- **GIVEN RECORDS**
########################################

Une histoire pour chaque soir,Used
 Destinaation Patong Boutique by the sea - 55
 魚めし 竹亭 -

########################################

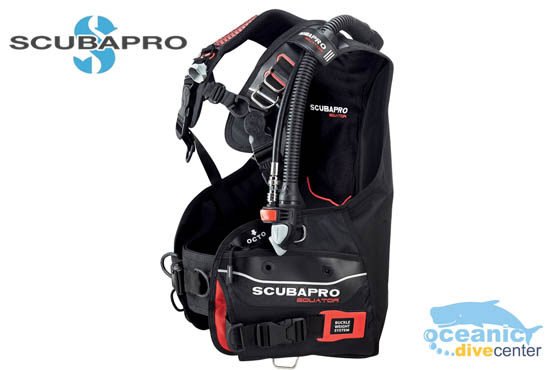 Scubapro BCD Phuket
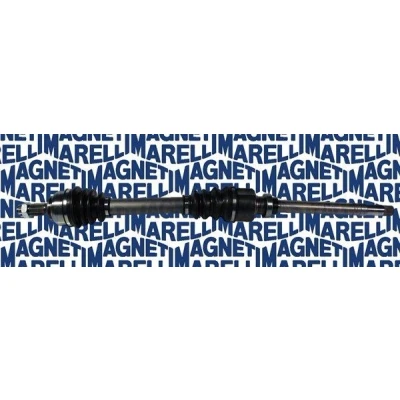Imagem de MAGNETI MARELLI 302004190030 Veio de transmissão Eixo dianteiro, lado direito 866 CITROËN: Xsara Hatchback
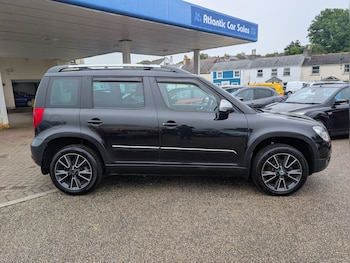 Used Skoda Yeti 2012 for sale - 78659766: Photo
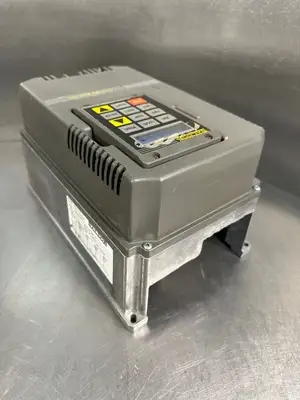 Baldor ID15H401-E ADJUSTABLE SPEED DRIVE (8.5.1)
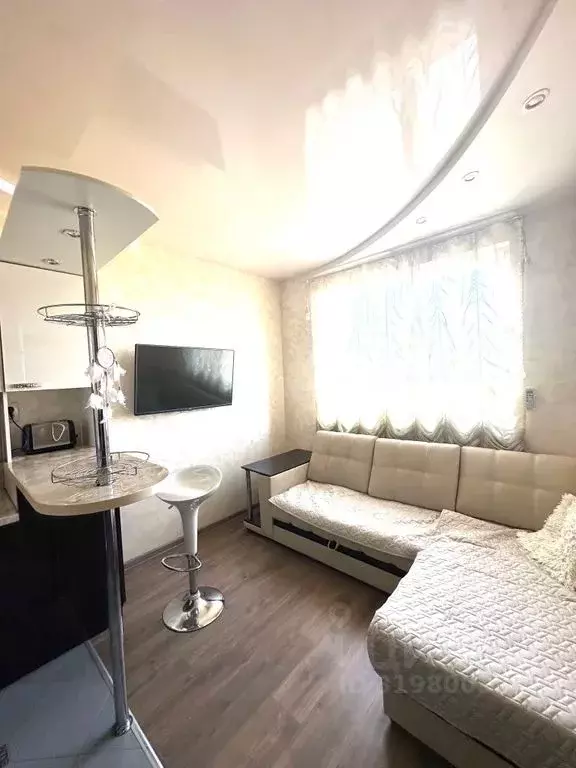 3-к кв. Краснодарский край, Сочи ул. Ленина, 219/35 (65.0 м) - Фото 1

########################################

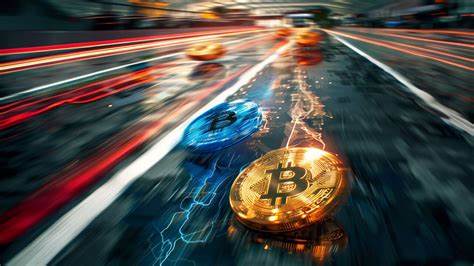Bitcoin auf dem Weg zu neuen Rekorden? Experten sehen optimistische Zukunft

########################################

- **ABOUT THIS EXERCISE**
Find the line with "Baldor ID15H401-E ADJUSTABLE" in the entries above. Set down exactly every line from it up to and including the line with "3-к кв. Краснодарский", images excluded.

- **TASK OUTPUT**
 Baldor ID15H401-E ADJUSTABLE SPEED DRIVE (8.5.1)
 3-к кв. Краснодарский край, Сочи ул. Ленина, 219/35 (65.0 м) - Фото 1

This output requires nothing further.